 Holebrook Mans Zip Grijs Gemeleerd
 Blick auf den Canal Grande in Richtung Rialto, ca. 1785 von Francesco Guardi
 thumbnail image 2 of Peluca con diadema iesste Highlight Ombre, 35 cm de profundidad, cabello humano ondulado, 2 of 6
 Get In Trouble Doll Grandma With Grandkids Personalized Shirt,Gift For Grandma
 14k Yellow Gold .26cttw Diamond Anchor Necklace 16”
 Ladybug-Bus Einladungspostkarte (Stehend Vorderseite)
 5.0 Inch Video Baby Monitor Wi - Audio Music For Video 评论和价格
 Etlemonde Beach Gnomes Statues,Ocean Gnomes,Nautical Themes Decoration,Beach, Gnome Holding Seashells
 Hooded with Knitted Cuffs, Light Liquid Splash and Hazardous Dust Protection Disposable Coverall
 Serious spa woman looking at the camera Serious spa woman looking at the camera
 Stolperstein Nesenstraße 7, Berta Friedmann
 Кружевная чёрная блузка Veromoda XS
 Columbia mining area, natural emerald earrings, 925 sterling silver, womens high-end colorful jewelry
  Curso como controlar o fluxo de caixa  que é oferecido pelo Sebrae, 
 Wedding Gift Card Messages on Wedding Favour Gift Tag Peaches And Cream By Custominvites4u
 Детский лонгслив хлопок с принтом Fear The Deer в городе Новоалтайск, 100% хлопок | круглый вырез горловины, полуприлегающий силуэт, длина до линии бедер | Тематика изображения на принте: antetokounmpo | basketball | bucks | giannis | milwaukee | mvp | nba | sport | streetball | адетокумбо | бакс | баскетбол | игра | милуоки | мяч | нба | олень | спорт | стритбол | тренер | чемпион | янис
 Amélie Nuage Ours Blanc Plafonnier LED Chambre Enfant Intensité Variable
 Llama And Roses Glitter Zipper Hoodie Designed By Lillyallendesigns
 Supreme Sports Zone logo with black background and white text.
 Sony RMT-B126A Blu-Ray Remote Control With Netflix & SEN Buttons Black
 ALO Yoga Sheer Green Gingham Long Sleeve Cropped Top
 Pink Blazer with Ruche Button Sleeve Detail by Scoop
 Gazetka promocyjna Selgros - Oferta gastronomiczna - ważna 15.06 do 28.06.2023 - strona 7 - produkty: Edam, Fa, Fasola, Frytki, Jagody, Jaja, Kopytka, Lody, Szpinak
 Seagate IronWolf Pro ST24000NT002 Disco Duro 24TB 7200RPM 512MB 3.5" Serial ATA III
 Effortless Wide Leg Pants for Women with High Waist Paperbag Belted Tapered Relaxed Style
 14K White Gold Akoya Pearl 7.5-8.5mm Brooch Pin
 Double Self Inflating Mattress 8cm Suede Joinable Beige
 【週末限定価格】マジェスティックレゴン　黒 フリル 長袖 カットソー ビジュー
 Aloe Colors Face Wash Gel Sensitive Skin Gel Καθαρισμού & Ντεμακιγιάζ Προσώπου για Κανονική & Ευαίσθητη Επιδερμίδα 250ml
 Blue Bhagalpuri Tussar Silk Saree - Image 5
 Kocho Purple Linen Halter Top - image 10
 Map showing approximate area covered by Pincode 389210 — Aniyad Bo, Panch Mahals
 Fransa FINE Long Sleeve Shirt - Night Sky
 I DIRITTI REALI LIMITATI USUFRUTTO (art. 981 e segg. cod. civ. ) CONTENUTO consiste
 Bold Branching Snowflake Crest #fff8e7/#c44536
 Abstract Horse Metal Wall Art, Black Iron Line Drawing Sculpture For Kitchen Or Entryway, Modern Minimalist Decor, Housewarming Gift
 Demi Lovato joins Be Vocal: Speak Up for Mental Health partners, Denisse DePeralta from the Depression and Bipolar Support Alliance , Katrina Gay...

- PROBLEM REQUIREMENTS: Copy back the listing above exactly, but only from the line with "Pink Blazer with" through the line with "I DIRITTI REALI", both ends included.

- RESPONSE:
 Pink Blazer with Ruche Button Sleeve Detail by Scoop
 Gazetka promocyjna Selgros - Oferta gastronomiczna - ważna 15.06 do 28.06.2023 - strona 7 - produkty: Edam, Fa, Fasola, Frytki, Jagody, Jaja, Kopytka, Lody, Szpinak
 Seagate IronWolf Pro ST24000NT002 Disco Duro 24TB 7200RPM 512MB 3.5" Serial ATA III
 Effortless Wide Leg Pants for Women with High Waist Paperbag Belted Tapered Relaxed Style
 14K White Gold Akoya Pearl 7.5-8.5mm Brooch Pin
 Double Self Inflating Mattress 8cm Suede Joinable Beige
 【週末限定価格】マジェスティックレゴン　黒 フリル 長袖 カットソー ビジュー
 Aloe Colors Face Wash Gel Sensitive Skin Gel Καθαρισμού & Ντεμακιγιάζ Προσώπου για Κανονική & Ευαίσθητη Επιδερμίδα 250ml
 Blue Bhagalpuri Tussar Silk Saree - Image 5
 Kocho Purple Linen Halter Top - image 10
 Map showing approximate area covered by Pincode 389210 — Aniyad Bo, Panch Mahals
 Fransa FINE Long Sleeve Shirt - Night Sky
 I DIRITTI REALI LIMITATI USUFRUTTO (art. 981 e segg. cod. civ. ) CONTENUTO consiste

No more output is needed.